Le ofrecí una cuba a July. Bebió en silencio y así estuvo algunos minutos. ``¿Pasa algo?'', pregunté. Antes de contestar se mordió el labio inferior: ``No sé. Es que aún estoy emocionada. La obra de Santiago es tan... Tengo las manos frías por la emoción''. Para desvanecer las dudas de mi marido, le tocó la mejilla: ``¿No estoy helada? Es por tu culpa. Tienes que terminar esos trabajos, debes hacerlo. Es más: no me moveré de aquí, y conste que ya es bastante tarde, si no me lo prometes''.

El temor de que la insistencia de nuestra invitada provocara el disgusto de Santiago alteró mi expresión. July lo notó y me dijo: ``Quizá tú no alcances a apreciar todo el mensaje que hay en Apocalipsis XXI. Es natural: la cercanía te impide tener la perspectiva necesaria...'' Iba a decirle que estaba equivocada, que el título y los senos de Apocalipsis XXI eran míos pero no tuve tiempo. July y Santiago se enfrascaron en una discusión acerca del posmodernismo. No me dirigieron la palabra. Tal vez ambos pensaron que me faltaba ``perspectiva'' para opinar.
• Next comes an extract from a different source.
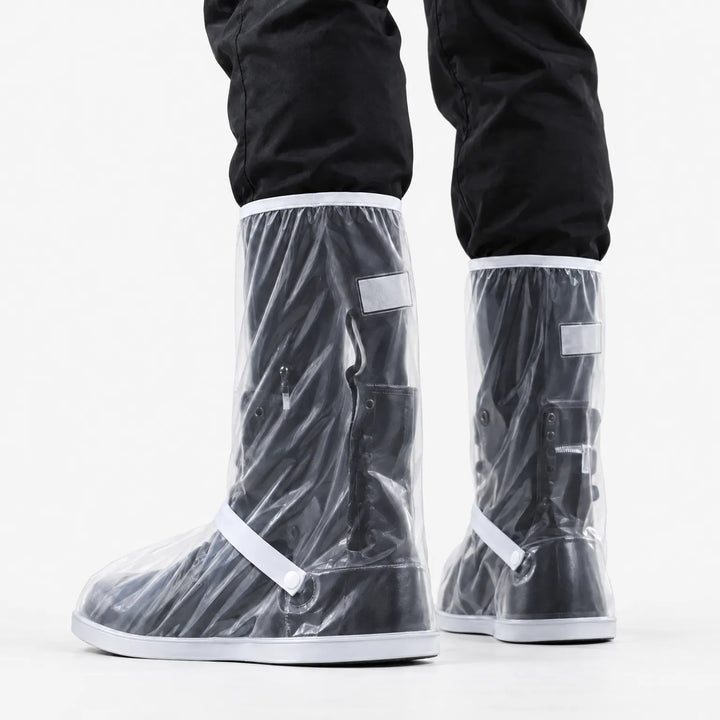 Rear three-quarter view of clear tall shoe covers worn over black boots, showing the reflective patch, ankle strap and snap button. 4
July se despidió. Dijo que le gustaría encontrarse con Santiago para entrevistarlo y escribir un largo artículo acerca de su obra. Mi esposo fingió no interesarse pero en la mañana no encontré entre las botellas el papelito con el teléfono de July. ``¿Lo tomaste?'' pregunté. ``Sí, por lo de la entrevista...'' ``¿Vas a verla?'' ``No sé; si me decido, supongo que con una o dos horas bastará''. No fue así. Continúan viéndose pero el artículo aún no aparece en ningún suplemento cultural.

Al regresar de sus citas con July, motivado por ella, Santiago entra en el taller. Permanece horas allí pero la inspiración no regresa y él se limita a contemplar Apocalipsis XXI. La escultura permanece inconclusa y ha vuelto a oscurecerla el polvo. Yo sigo devorando lentejas.